Quality signalling in motion picture markets is hardly a new topic. It has been covered by many researchers over the years. However, most of the previous studies focused on quality signals in interactions between moviemakers and moviegoers. This study employs a more holistic approach as the author attempts to evaluate effects of quality signals throughout different stages of movies’ life cycle. The author has identified three audiences that movies are presented to; and, each group of audience generates a quality signal for the next audience. Based on the feedback from test audiences, moviemakers decide on when to show movies to professional critics and when to allow them to publish their reviews. Interpretation of these timelines become quality signals for the professional critics who interpret shorter time slot for review publication as a signal of the low quality of the movie and vice versa.
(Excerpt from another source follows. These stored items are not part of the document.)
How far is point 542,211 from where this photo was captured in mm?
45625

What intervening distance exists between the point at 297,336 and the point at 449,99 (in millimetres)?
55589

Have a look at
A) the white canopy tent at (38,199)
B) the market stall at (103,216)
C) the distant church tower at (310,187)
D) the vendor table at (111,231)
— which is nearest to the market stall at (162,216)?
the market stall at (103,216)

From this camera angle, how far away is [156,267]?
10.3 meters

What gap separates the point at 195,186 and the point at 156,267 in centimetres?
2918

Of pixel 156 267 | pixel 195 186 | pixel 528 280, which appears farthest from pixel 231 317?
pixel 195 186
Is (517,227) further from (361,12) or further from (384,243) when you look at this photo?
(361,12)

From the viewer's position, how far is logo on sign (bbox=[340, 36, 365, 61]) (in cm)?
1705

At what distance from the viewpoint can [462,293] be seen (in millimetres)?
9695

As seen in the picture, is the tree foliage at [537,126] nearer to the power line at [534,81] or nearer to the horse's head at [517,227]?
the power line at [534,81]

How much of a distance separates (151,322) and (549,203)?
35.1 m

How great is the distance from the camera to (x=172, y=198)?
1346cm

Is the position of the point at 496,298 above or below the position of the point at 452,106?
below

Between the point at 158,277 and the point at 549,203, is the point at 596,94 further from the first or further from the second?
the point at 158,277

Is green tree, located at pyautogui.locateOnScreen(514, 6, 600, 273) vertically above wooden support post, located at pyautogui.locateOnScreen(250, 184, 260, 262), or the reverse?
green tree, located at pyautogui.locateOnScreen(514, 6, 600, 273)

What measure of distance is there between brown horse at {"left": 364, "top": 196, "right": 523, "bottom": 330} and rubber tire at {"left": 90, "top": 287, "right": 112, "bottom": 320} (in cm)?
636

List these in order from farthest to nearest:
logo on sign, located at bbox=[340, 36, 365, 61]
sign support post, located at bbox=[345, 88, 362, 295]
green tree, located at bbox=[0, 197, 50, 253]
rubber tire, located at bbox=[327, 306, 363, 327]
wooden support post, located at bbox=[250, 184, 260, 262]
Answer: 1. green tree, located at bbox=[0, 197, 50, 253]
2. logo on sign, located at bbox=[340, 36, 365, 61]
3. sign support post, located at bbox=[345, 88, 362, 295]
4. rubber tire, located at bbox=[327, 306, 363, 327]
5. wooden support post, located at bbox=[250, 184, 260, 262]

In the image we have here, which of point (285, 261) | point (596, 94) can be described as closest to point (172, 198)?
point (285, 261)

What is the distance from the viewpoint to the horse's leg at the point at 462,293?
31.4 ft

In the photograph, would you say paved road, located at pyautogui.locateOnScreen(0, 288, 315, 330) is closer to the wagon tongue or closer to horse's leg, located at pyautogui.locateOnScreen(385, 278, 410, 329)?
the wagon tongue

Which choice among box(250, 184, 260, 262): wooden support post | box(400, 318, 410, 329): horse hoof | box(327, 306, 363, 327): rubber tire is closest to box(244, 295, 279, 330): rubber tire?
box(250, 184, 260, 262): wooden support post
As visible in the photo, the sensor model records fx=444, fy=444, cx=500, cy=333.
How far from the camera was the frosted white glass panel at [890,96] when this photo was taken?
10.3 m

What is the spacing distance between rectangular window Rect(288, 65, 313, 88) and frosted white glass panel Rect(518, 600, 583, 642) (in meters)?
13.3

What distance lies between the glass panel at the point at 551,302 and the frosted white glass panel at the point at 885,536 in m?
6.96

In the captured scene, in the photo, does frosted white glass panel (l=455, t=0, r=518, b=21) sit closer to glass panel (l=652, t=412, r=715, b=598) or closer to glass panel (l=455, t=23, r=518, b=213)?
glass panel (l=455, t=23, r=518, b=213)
Professional critics write their reviews which when published on review aggregators become quality signals for the moviegoers. Reviews generated by the initial moviegoers are interpreted by the moviegoers who intend to watch movies at a later stage. All three assumptions are operationalised and evaluated in a series of linear regression tests in this research on a sample containing 130 out of 134 widely released movies in the US and Canada domestic market in 2017. All of the abovementioned quality signals found to be significant as they could explain at least 40 % of the variance of respective response variables.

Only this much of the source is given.